Paper No. 30-2
Presentation Time: 8:20 AM
FRACTOGRAPHY ANALYSIS OF CAMBRO-ORDOVICIAN RESERVOIRS THROUGH SURFACE ANALOG. MOUYDIR BASIN, ALGERIA
The study of outcrop analogues is easier, accessible and can be used to model fractures at different scales, from mega scale to microscale, using several data and techniques. The ending could be used to understand the fractures distribution, fracture network connectivity, fractures kinematics, and simulate the fluid flow. The aim of this paper is the proposition of a new approach and a specific workflow to characterize and model the natural fractures. This method would be a way to understand the temporal and the spatial fractures distribution in the outcrop to predict them later in subsurface. The fracture quantitative analysis is built on the basis two approaches. The first approach is the analysis of a global faults map that affect the area of study, generated from the combination of curvature & illumination attributes, geological maps, satellite images, and digital elevation model. The outcomes are the determination of fault sets, length distributions, correlation coefficients, power law coefficients, and fractal dimensions.
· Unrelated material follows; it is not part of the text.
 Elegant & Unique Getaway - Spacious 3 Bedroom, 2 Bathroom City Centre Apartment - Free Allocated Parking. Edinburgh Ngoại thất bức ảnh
The second approach is the analysis of the fracture affecting the basement and the different Cambro-Ordovician units, by using the same input data and determining the same parameters and attributes. These methodologies help to determine the major and minor faults sets and helps to understand the fractography and typology of fracture affecting the Cambro-Ordovician units. The 3D deterministic fault models for each formation are built to illustrate the fractures distribution in space and their superposition helps to determine their origin, their relationship, their kinematics, and illustrates the impact of the basement’s faults on the sedimentary cover and the structuration of the basin. In the proposed workflow, satellite images, geological maps, and digital elevation model are used as input data to recognize and digitalize faults.